After that disarmingly simple—but nerve-wrackingly palpable—gem, Jessica Sarah Rinland’s Those That, at a Distance, Resemble One Another came as sweet relief. Through initial title cards and general subject of images, I am to infer the film has something to do with the nature of authenticity and replication in anthropology and the museum world.
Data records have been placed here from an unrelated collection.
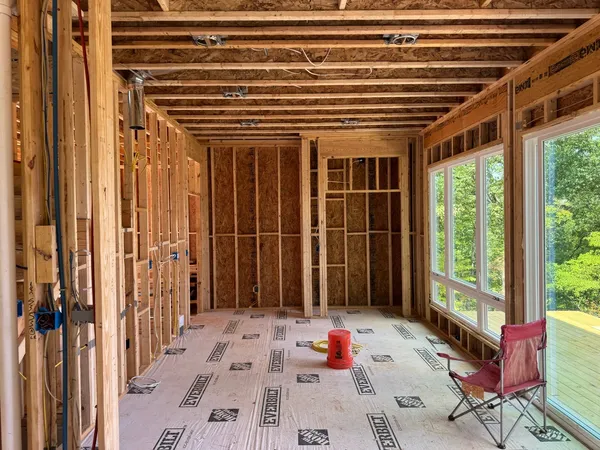 Framed room opened up to new windows, sheathing on and floor protection down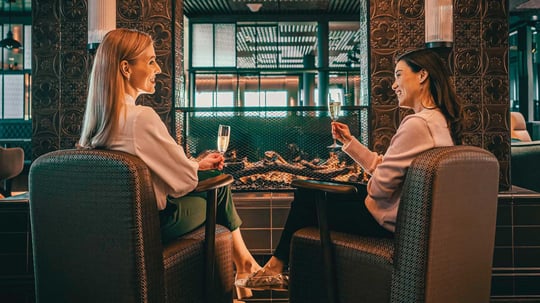 Two women drinking champagne by the bar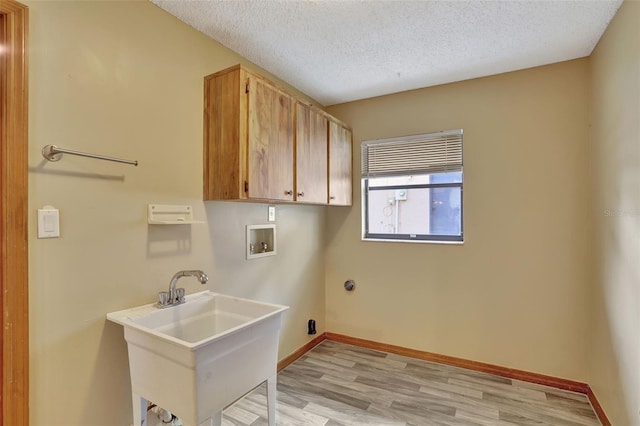 laundry room featuring sink, a textured ceiling, cabinets, washer hookup, and light hardwood / wood-style flooring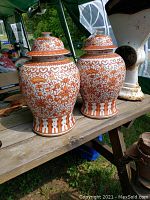 Pair of Chinese ceramic temple jars on a wooden surface outdoors, with visible lids and detailed pattern work in orange and white.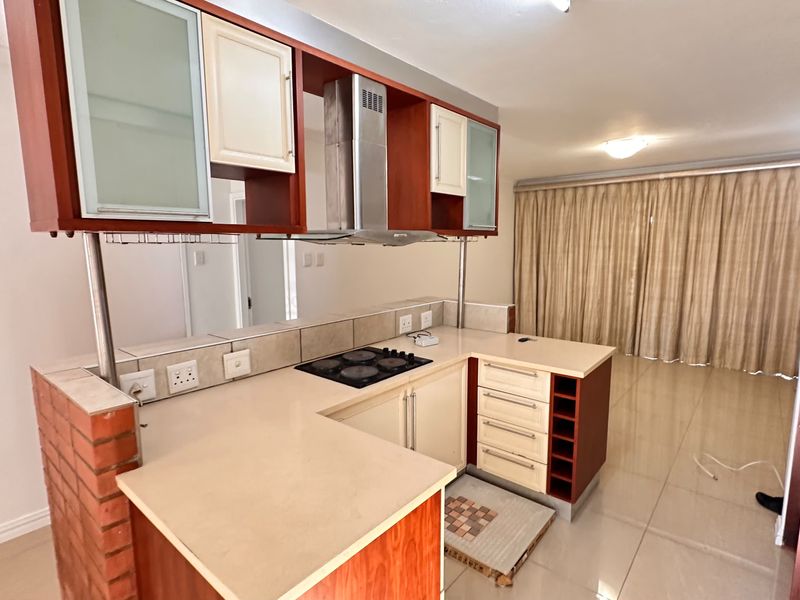 Open plan kitchen featuring built-in cabinetry, electric hob, and extractor fan, flowing into a spacious living area with tiled flooring.
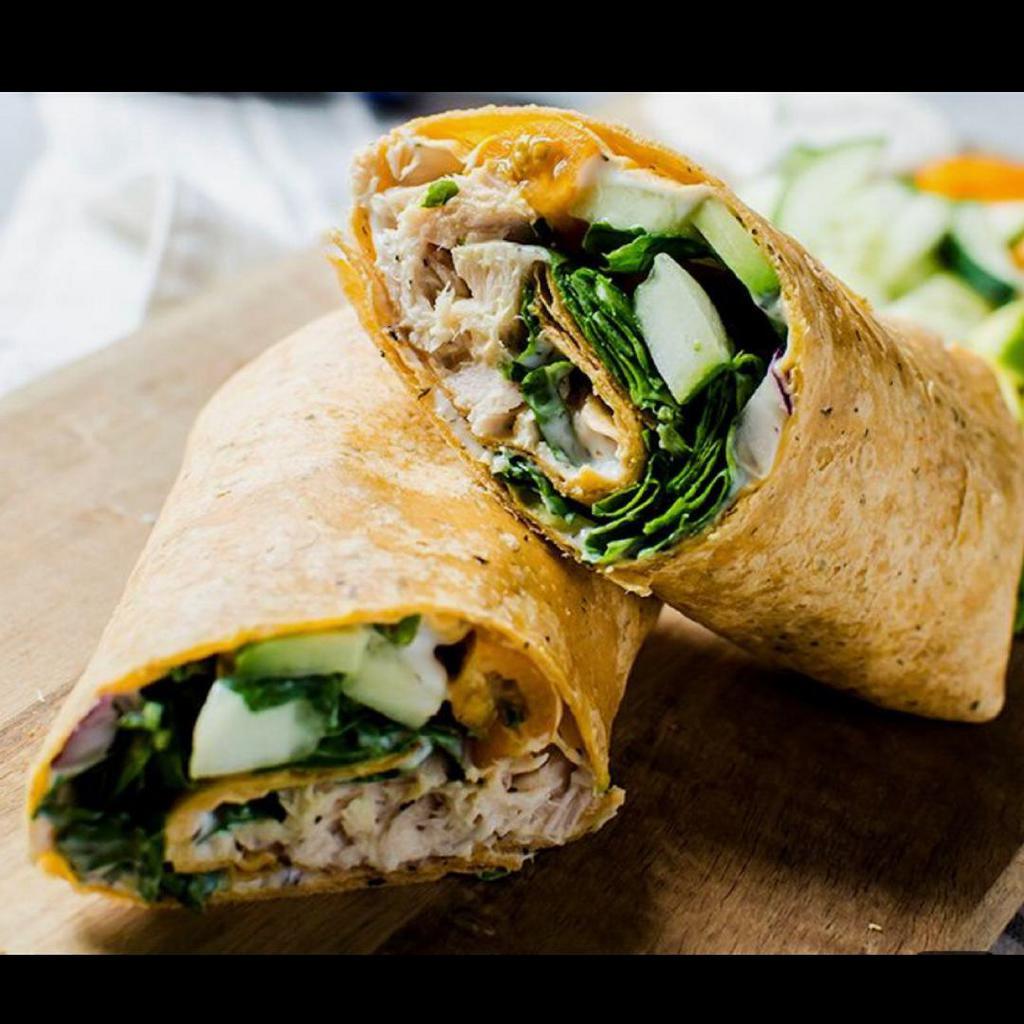 Tuna Sandwich · White bread or whole grain, tuna salad, mozzarella cheese, lettuce, carrot, tomato, red onion, green pepper and olive oil.
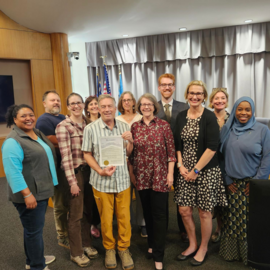 Council members at dais presenting a proclamation to recipients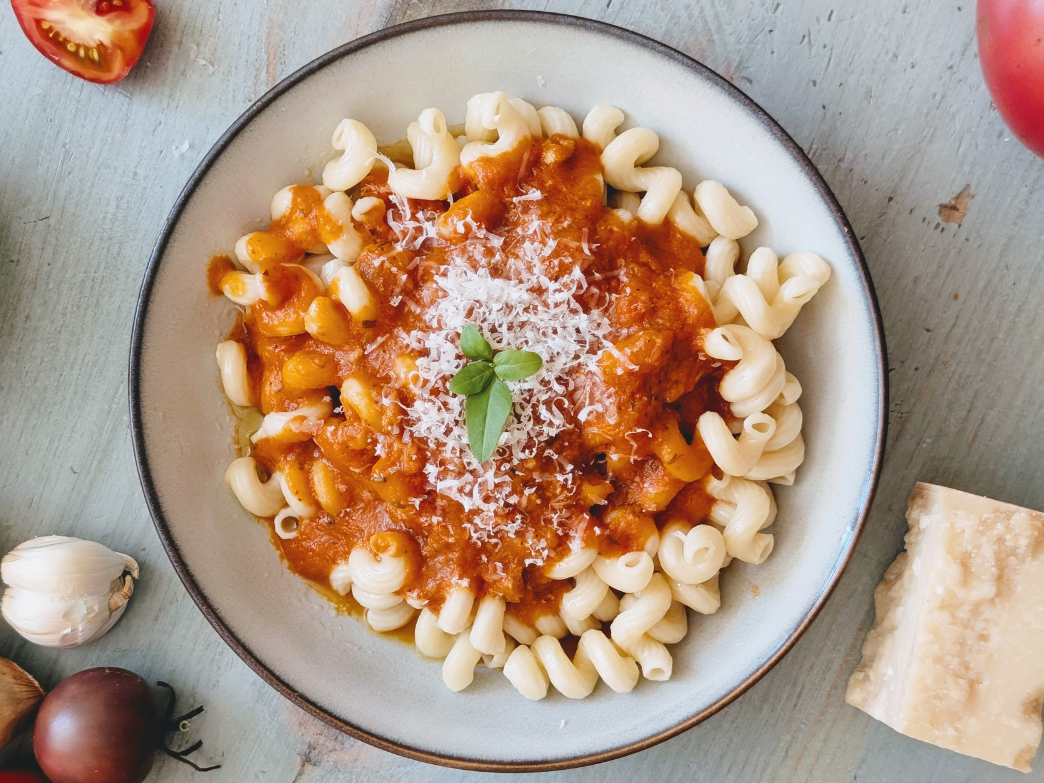 Bowl of spiral pasta topped with tomato sauce, grated Parmesan and a basil leaf, with garlic and tomato nearby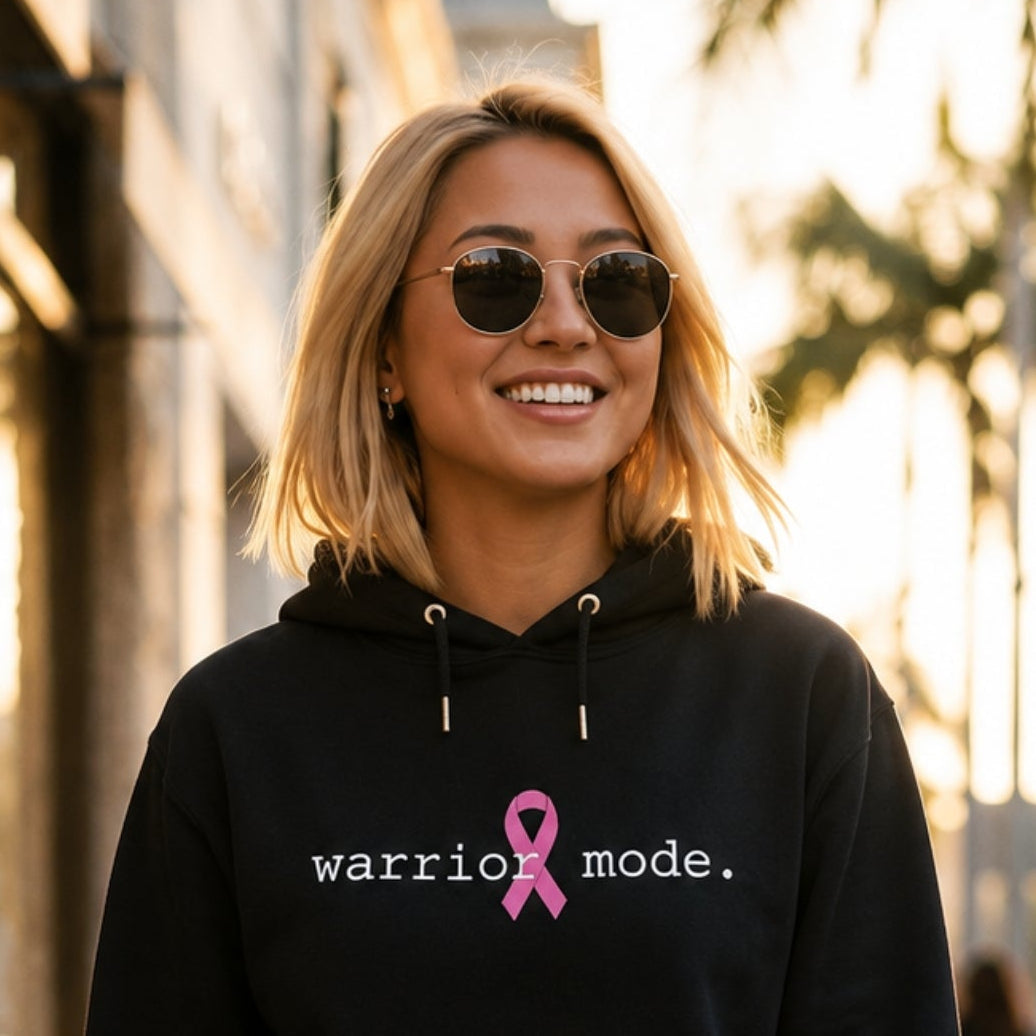 A woman wearing a black hoodie with the text 'warrior mode.' and a pink ribbon graphic walks down a sunlit city sidewalk lined with palm trees.
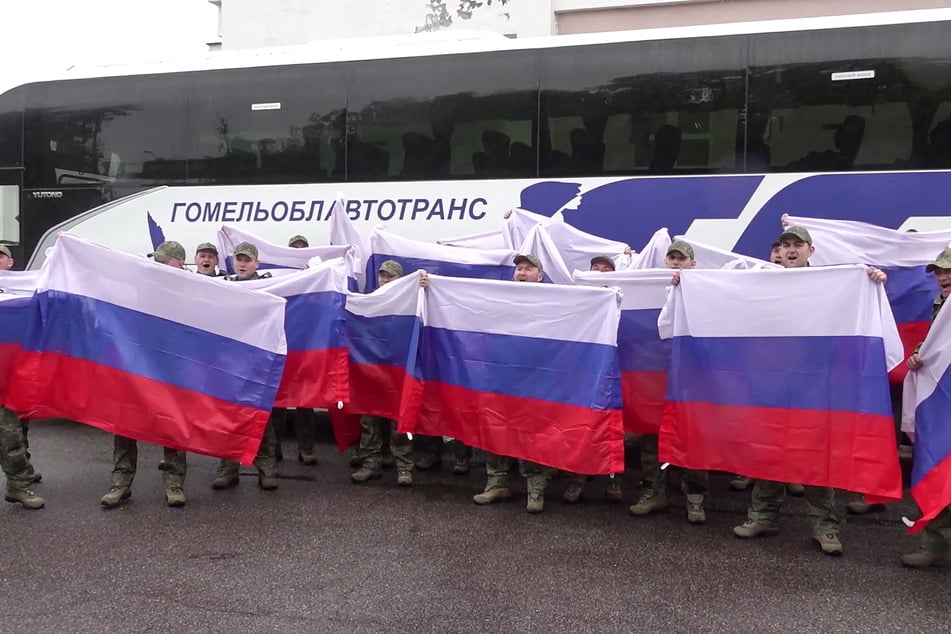 Russian prisoners of war pose with flags in front of a bus following a POW exchange at an undisclosed location in Belarus on May 15, 2026.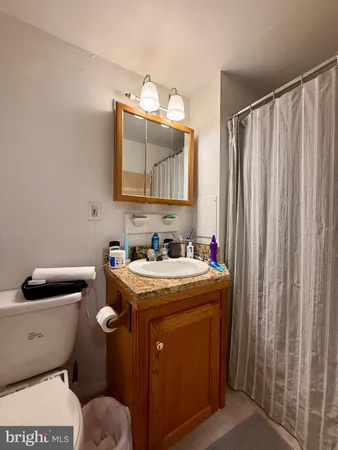 a bathroom with a granite countertop toilet sink and mirror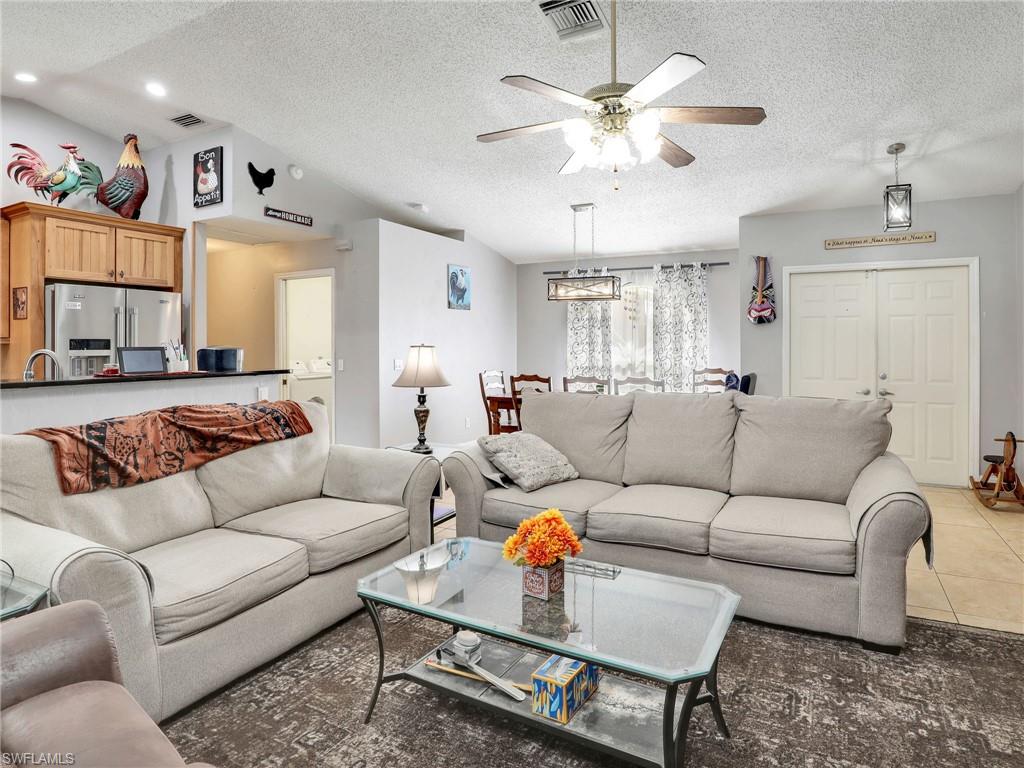 9083 Aster Road Fort Myers, FL 33967 - Photo 8 of 30 a living room with furniture a bed and a chandelier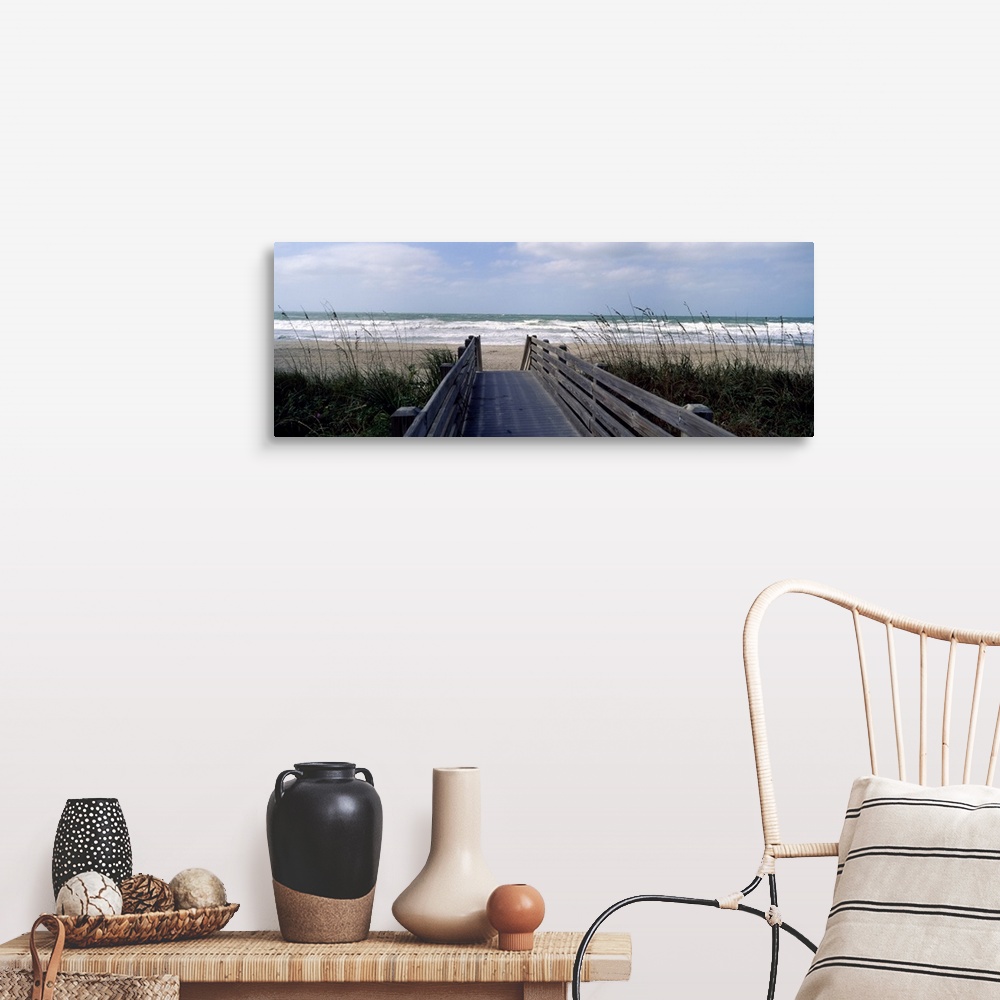 A farmhouse room featuring A wide panoramic photograph on canvas perfect for hanging in a living or dining room of a view do...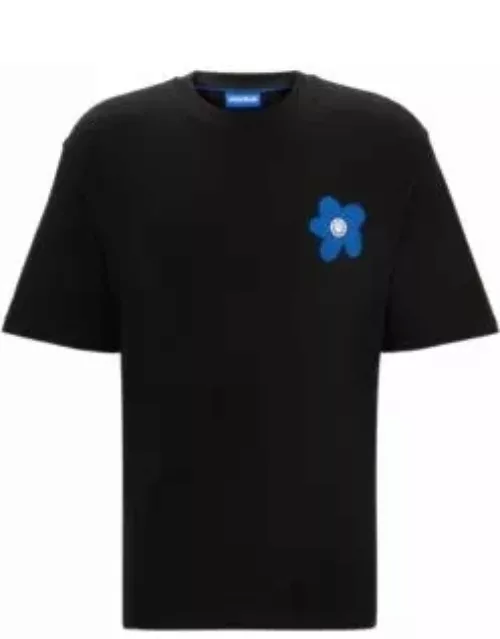 Cotton-jersey T-shirt with flower logo artwork- Black Men's T-Shirt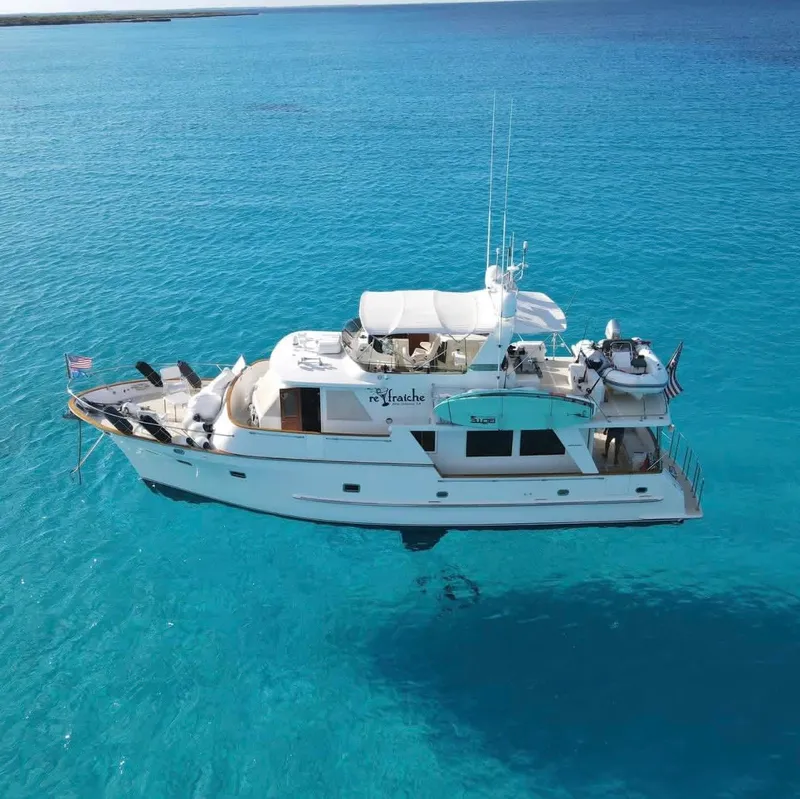 Slide: The Image of A 2002 Grand Alaskan 53 RPH yacht on clear, blue water. - 2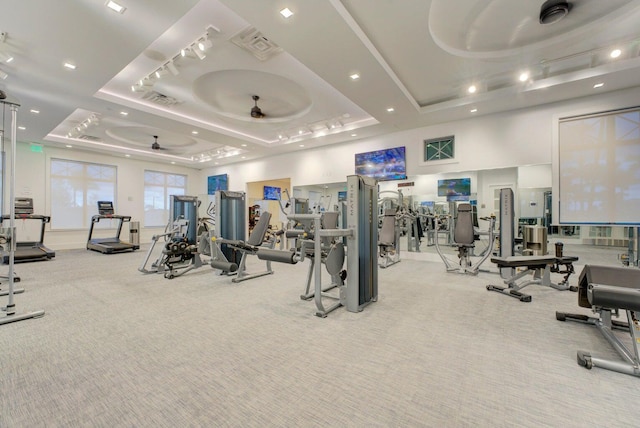 workout area featuring light carpet, a raised ceiling, and ceiling fan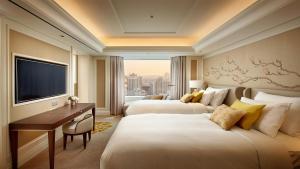 首尔首尔乐天酒店的配有书桌和电视的酒店客房内的两张床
We see all manner of crafting, sculpting, repairing, and object-wrapping in close-up 16mm, presumably working at a camera-based ontological poem pondering whether the real matters when replicas are made with such care. But this didn’t really spark my brain; this subject isn’t the softness of which I wrote. Instead, it was the sound of the thing, and the careful, attentive and habituated actions.
I have never personally experienced the shiver-tingle-pleasure sensation associated with the ASMR phenomenon that has swept YouTube, but I certainly am familiar with the visual and aural feel that supposedly causes it—and Rinland has nailed that feel with so much of her feature debut. Pages in a British Museum catalog of facsimile auction prices are a neat object to see inscribed on celluloid, but even more pleasurable was the closely miked sound of the pages touched, grabbed, and turned. Cotton swabs dab a thin covering over some precious (or faux-precious) object, to cosy effect. Plastic is smoothed over an ancient sculpture, the gesture intimate and knowing, the sound at once eerie and as satisfying as popping bubble wrap. That colorfully manicured female hands are frequently shown in these close-ups, and that nail design has been credited to the director, hints very strongly that the film is keenly aware of its sensation. I imagine the rationale as something like, what does it matter if this ceremonial urn is the real thing or not—it feels fucking amazing. I wish I could advocate more for its concept and structure, but that often felt much like the finest possible result of a well-funded grant application, adapted more with an eye for the beauty and perhaps some poetry found in the research than for observations or arguments made on the subject. No matter: Throughout, I was mildly intrigued and very, very soothed. All evening plans after the screening were canceled, and at home I slept like a baby.